From: Christian Borntraeger <borntraeger@de.ibm.com>
To: David Hildenbrand <david@redhat.com>,
Janosch Frank <frankja@linux.vnet.ibm.com>
Cc: KVM <kvm@vger.kernel.org>, Cornelia Huck <cohuck@redhat.com>,
Thomas Huth <thuth@redhat.com>,
Ulrich Weigand <Ulrich.Weigand@de.ibm.com>,
Claudio Imbrenda <imbrenda@linux.ibm.com>,
Andrea Arcangeli <aarcange@redhat.com>,
linux-s390 <linux-s390@vger.kernel.org>,
Michael Mueller <mimu@linux.ibm.com>,
Vasily Gorbik <gor@linux.ibm.com>,
linux-mm@kvack.org, Andrew Morton <akpm@linux-foundation.org>
Subject: Re: [PATCH 05/35] s390/mm: provide memory management functions for protected KVM guests
Date: Fri, 14 Feb 2020 22:17:06 +0100 [thread overview]
Message-ID: <deb3faec-f05c-4fb0-9a4a-e38ee58a637d@de.ibm.com> (raw)

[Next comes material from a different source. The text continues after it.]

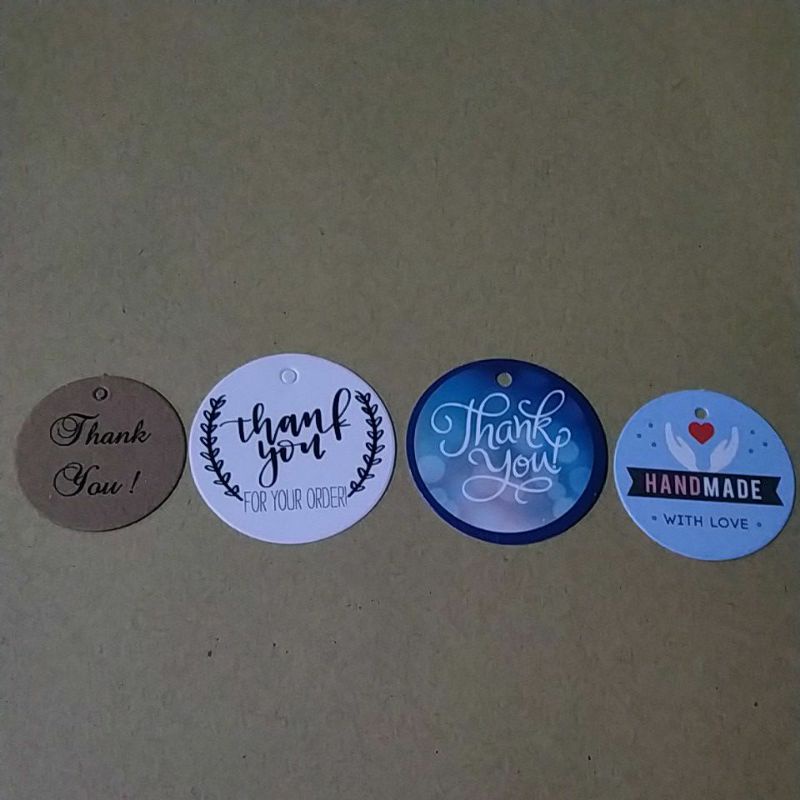 

Hangtag Thank you isi 50pcs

In-Reply-To: <1fb4da22-bab4-abe3-847b-5a7d79d84774@redhat.com>
In general this patch has changed a lot, but several comments still apply
On 14.02.20 18:59, David Hildenbrand wrote:
>>
>> /*
>> @@ -1086,12 +1106,16 @@ static inline pte_t ptep_get_and_clear_full(struct mm_struct *mm,
>> unsigned long addr,
>> pte_t *ptep, int full)
>> {
>> + pte_t res;
>
> Empty line missing.
ack
>
>> if (full) {
>> - pte_t pte = *ptep;
>> + res = *ptep;
>> *ptep = __pte(_PAGE_INVALID);
>> - return pte;
>> + } else {
>> + res = ptep_xchg_lazy(mm, addr, ptep, __pte(_PAGE_INVALID));
>> }
>> - return ptep_xchg_lazy(mm, addr, ptep, __pte(_PAGE_INVALID));
>> + if (mm_is_protected(mm) && pte_present(res))

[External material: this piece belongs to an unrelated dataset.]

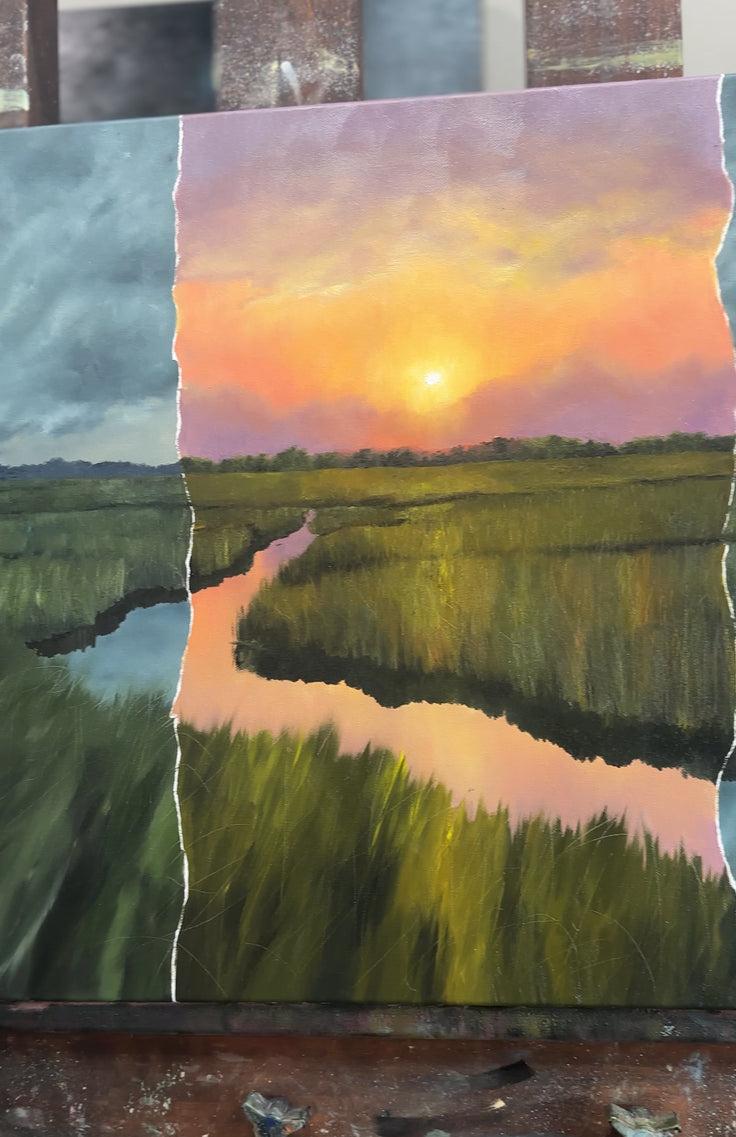 “Asunder” Oil Painting - 18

>> + uv_convert_from_secure(pte_val(res) & PAGE_MASK);
>> + return res;
>> }
>
> [...]
>
>> +int uv_make_secure(struct gmap *gmap, unsigned long gaddr, void *uvcb);
>> +int uv_convert_from_secure(unsigned long paddr);
>> +
>> +static inline int uv_convert_to_secure(struct gmap *gmap, unsigned long gaddr)
>> +{
>> + struct uv_cb_cts uvcb = {
>> + .header.cmd = UVC_CMD_CONV_TO_SEC_STOR,
>> + .header.len = sizeof(uvcb),
>> + .guest_handle = gmap->guest_handle,
>> + .gaddr = gaddr,
>> + };
>> +
>> + return uv_make_secure(gmap, gaddr, &uvcb);
>> +}
>
> I'd actually suggest to name everything that eats a gmap "gmap_",
>
> e.g., "gmap_make_secure()"
>
> [...]
ack.
>
>>
>> #if defined(CONFIG_PROTECTED_VIRTUALIZATION_GUEST) || \
>> diff --git a/arch/s390/kernel/uv.c b/arch/s390/kernel/uv.c
>> index a06a628a88da..15ac598a3d8d 100644
>> --- a/arch/s390/kernel/uv.c
>> +++ b/arch/s390/kernel/uv.c
>> @@ -9,6 +9,8 @@
>> #include <linux/sizes.h>
>> #include <linux/bitmap.h>
>> #include <linux/memblock.h>
>> +#include <linux/pagemap.h>
>> +#include <linux/swap.h>
>> #include <asm/facility.h>
>> #include <asm/sections.h>
>> #include <asm/uv.h>
>> @@ -99,4 +101,174 @@ void adjust_to_uv_max(unsigned long *vmax)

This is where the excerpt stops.